Ne nous trompons pas : le Burundi n’est pas paisible. Le pays a vécu des générations de conflit et une décennie de guerre ouverte, mais depuis lors, il a fait un parcours remarquable pour tourner la page du conflit. Maintenant, il devrait entamer la lutte contre les causes profondes de ce conflit, en commençant par la pauvreté et la mauvaise gouvernance. La violence dans tout le pays, qui restait jusqu’au 17 septembre peut-être en dessous du radar de la presse internationale, montrait quand même quotidiennement que la page n’était pas tournée. Comme je l’ai expliqué dans l’éditorial de ce bulletin en juillet dernier, la situation devenait plus compliquée parce que, aussi bien du côté du pouvoir que du côté de l’opposition, les radicaux semblaient en train de prendre le devant par rapport aux modérés, ceux qui sont ouverts au dialogue. Dans ce contexte précaire, l’attaque du 18 septembre 2011 tombe comme une vraie déclaration de guerre.
Le Burundi n’est pas un pays avec des richesses minérales spectaculaires, mais le pays a des atouts à ne pas sous-estimer. Pour moi, le fonds d’investissement le plus important pour le futur du pays est le fait que la population se rend compte qu’une guerre n’est pas gagnable. Qu’aucun parti dans aucun conflit ne pourra détruire définitivement son adversaire par la force. Qu’ils sont condamnés à vivre ensemble et de chercher l’équilibre dans le dialogue. Les Burundais savent que leurs guerres n’ont eu que des perdants. C’est la première leçon à tirer de l’histoire récente du pays.
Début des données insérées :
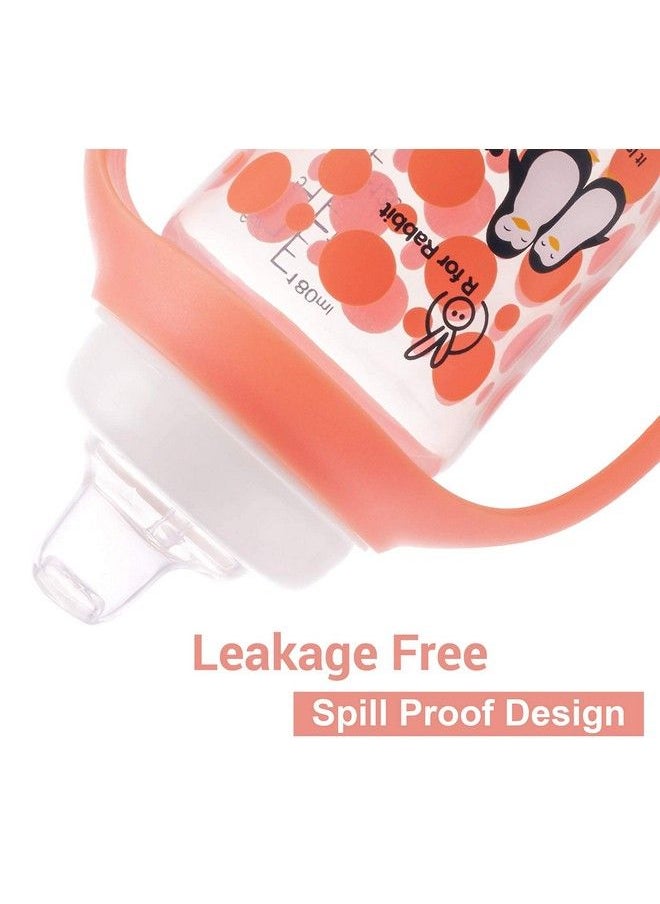 R for Rabbit - Penguin Spout Sipper Cup 180 Ml Bottle Pp Spout Sipper For Kids Kids Spout Sipper For Age Of 6 + Monthsorange - Image 1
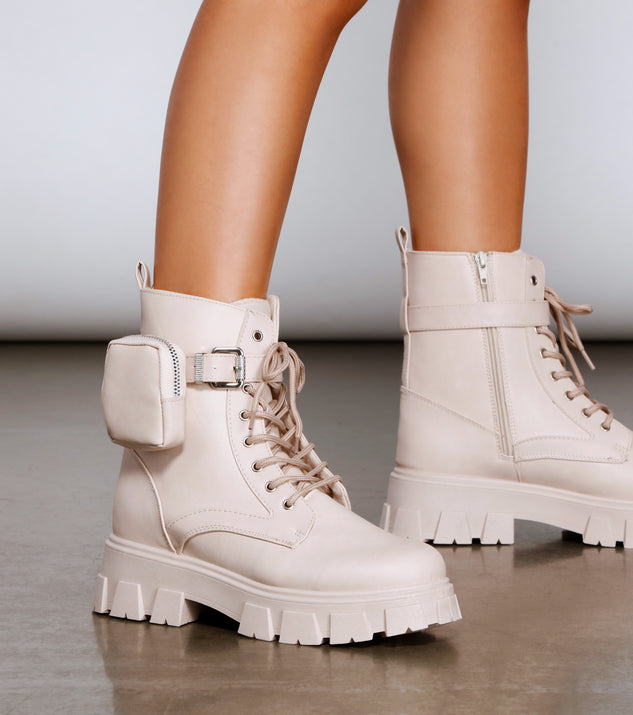 Faux Leather Lug Sole Booties With Pouch is a trendy pick to create 2023 concert outfits, festival dresses, outfits for raves, or to complete your best party outfits or clubwear!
Mais l’histoire nous apprend aussi que le pays a toujours eu besoin d’un encadrement tiers avant de matérialiser le dialogue. EurAc et Forsc viennent de publier une déclaration dans laquelle nous exprimons qu’un désinvestissement des partenaires internationaux serait désastreux pour le processus de paix et pour les perspectives de développement. Mais j’utilise cet espace qu’un éditorial me donne pour rappeler que le Burundi a pu compter sur la médiation, fournie par des personnalités de la sous-région, du continent ou d’ailleurs. C’est pourquoi, aujourd’hui, le Burundi a besoin d’une initiative de haut niveau, portée par les Nations Unies et les Unions africaines et européennes pour encadrer les acteurs politiques et militaires à entamer le dialogue sans lequel le pays glissera de nouveau dans une guerre qui, une fois de plus, n’aura pas de gagnants.